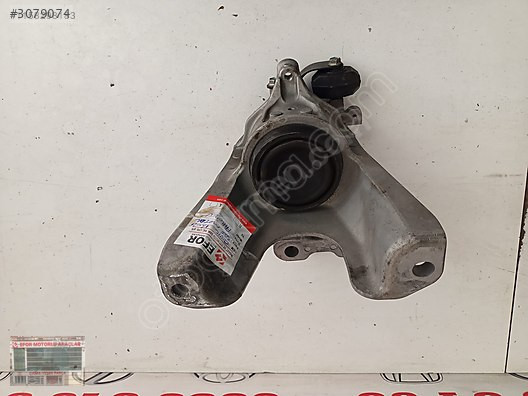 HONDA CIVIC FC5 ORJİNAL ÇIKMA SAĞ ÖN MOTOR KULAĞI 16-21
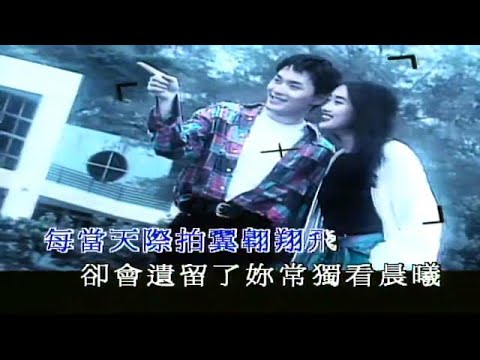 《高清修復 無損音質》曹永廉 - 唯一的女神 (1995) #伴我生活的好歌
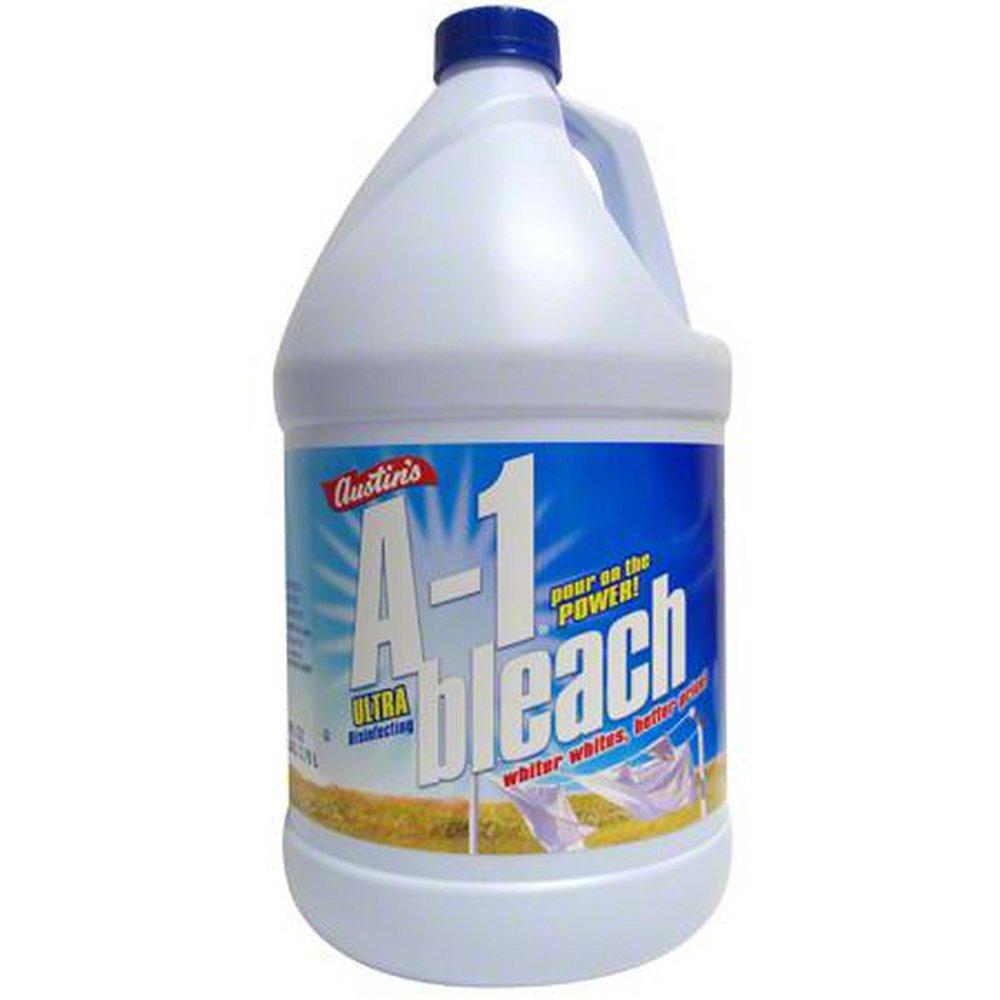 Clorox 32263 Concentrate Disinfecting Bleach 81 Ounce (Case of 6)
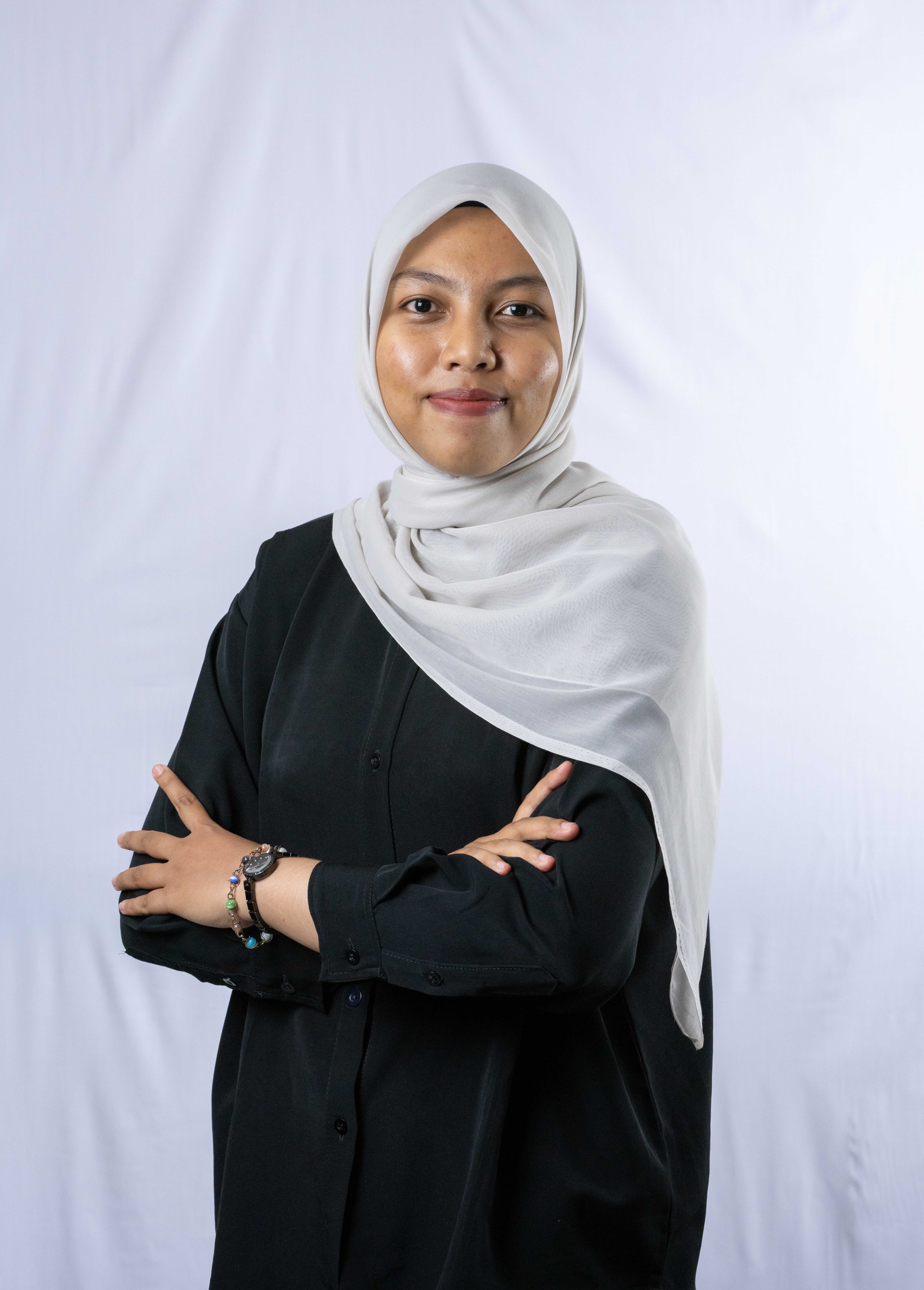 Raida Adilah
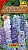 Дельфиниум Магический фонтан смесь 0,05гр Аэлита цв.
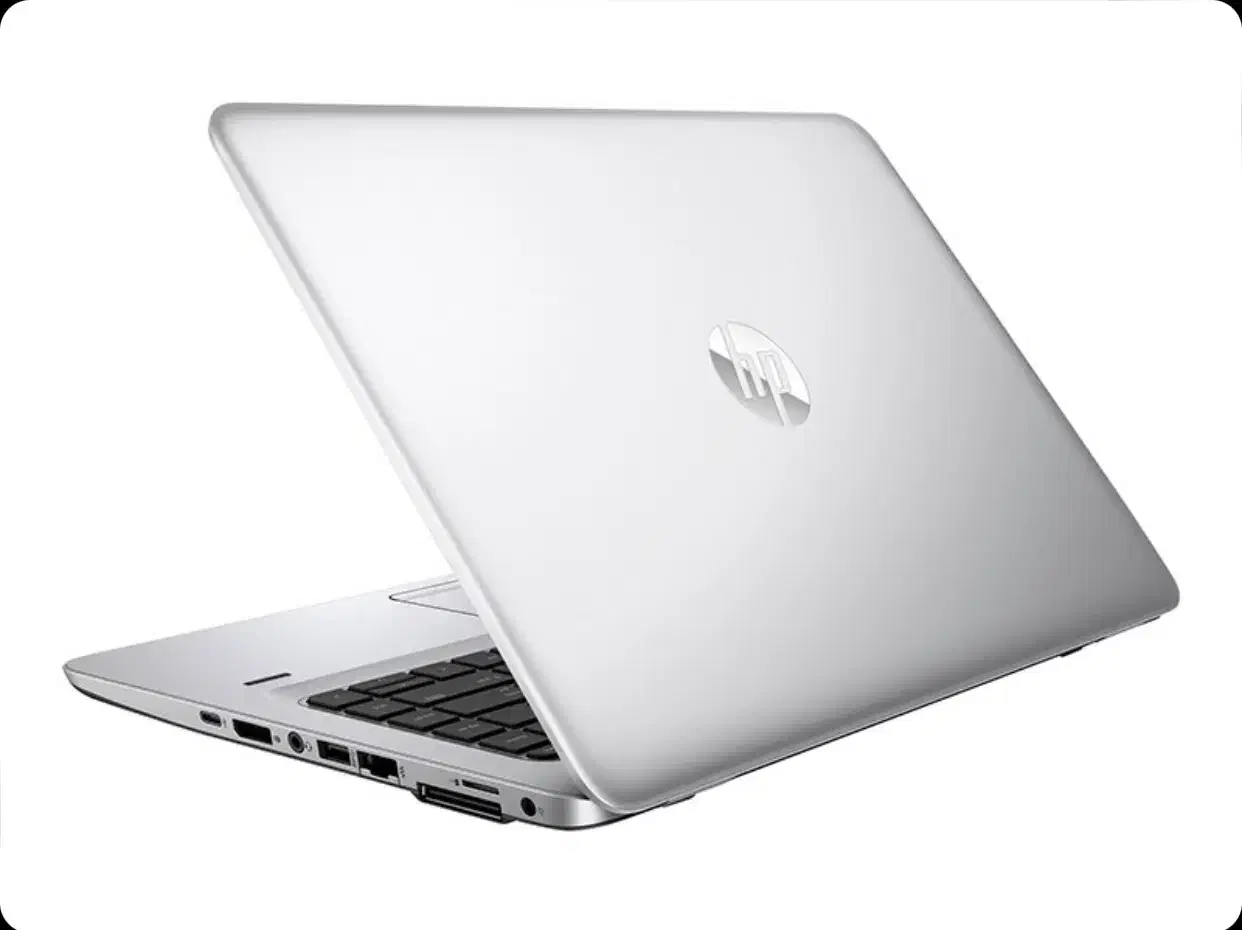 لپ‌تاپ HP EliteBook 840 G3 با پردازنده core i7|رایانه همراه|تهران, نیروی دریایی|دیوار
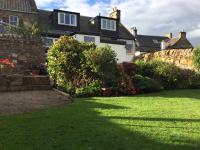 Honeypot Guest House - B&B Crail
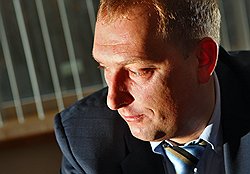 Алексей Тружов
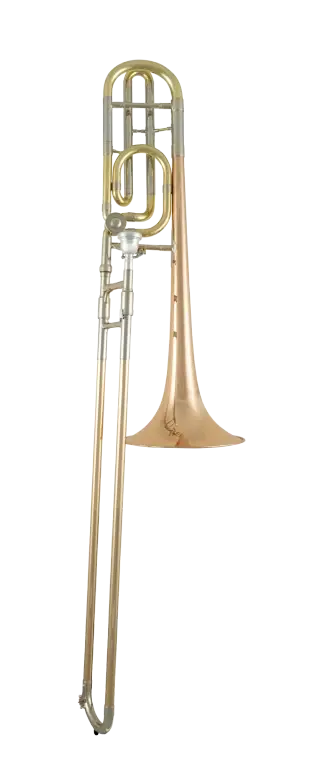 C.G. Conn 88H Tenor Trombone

--- --- ---

*ASSIGNED TASK*: The lines to repeat run from the line containing "Honeypot Guest House - B&B Crail" through the end of the listing above, both included; give them exactly and without pictures.

*REPLY*:
 Honeypot Guest House - B&B Crail
 Алексей Тружов
 C.G. Conn 88H Tenor Trombone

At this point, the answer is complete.